During World War I, the United States became a global economic leader. The center of world finance shifted from London to New York, and American ships carried goods all over the world. Despite a brief, intense recession in 1921, resulting primarily from the shift back to a peacetime economy, the 1 920s were a period of prosperity for many sectors of society. Republican administrations were in power, and a conservative, probusiness approach dominated the country. American consumer goods, including movies, continued to make inroads in many foreign countries.
In contrast to this fiscal conservatism, society seemed to lose much of its restraint during the Roaring Twenties. The passage of the Volstead Act (1919), outlawing all forms of alcoholic beverages, led to the excesses of the age of Prohibition. Bootleg liquor was readily available, and flouting the law by visiting speakeasies or attending wild drinking parties became common even among the upper classes. Before the war, women had grown their hair long, worn floor-length dresses, and danced sedately.
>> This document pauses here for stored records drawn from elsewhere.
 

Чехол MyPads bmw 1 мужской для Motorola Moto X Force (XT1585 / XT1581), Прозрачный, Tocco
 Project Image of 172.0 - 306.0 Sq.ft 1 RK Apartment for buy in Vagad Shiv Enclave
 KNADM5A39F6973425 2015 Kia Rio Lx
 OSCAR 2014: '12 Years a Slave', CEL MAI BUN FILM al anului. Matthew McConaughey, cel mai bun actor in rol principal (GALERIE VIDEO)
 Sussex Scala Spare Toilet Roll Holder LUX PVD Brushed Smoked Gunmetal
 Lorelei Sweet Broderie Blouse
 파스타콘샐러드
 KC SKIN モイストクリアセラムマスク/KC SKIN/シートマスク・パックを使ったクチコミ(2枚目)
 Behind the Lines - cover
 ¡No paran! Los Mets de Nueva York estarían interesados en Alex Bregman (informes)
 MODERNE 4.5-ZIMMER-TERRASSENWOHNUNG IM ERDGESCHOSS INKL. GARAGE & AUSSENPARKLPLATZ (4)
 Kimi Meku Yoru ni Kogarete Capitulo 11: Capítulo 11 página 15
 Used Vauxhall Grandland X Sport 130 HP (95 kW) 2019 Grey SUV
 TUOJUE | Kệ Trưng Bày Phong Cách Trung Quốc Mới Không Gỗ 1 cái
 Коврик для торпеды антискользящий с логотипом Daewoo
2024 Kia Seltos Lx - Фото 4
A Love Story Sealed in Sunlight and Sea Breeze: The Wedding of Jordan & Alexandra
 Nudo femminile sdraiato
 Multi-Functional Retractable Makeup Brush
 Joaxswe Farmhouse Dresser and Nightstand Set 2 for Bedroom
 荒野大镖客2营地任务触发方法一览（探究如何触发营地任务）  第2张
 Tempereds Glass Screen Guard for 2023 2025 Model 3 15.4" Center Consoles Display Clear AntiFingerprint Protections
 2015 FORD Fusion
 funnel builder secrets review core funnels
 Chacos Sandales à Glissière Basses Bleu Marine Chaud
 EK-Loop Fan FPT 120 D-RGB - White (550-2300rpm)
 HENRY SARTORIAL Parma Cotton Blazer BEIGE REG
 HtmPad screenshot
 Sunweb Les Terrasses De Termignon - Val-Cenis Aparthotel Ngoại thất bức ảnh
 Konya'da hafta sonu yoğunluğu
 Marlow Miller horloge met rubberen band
Now they created scandals by bobbing their hair, wearing short skirts, doing the Charleston, and smoking in public.
Many sectors of society, though, were shut off from the general prosperity and sophistication of the 1920s. Racism was rampant, with the Ku Klux Klan growing after its revival in 1915 and the stiffening of immigration quotas to keep certain groups out of the United States. Workers in agriculture and mining fared poorly. The film industry, however, benefited from the high level of capital available during this period, and its films reflected the fast pace of life in the Jazz Age.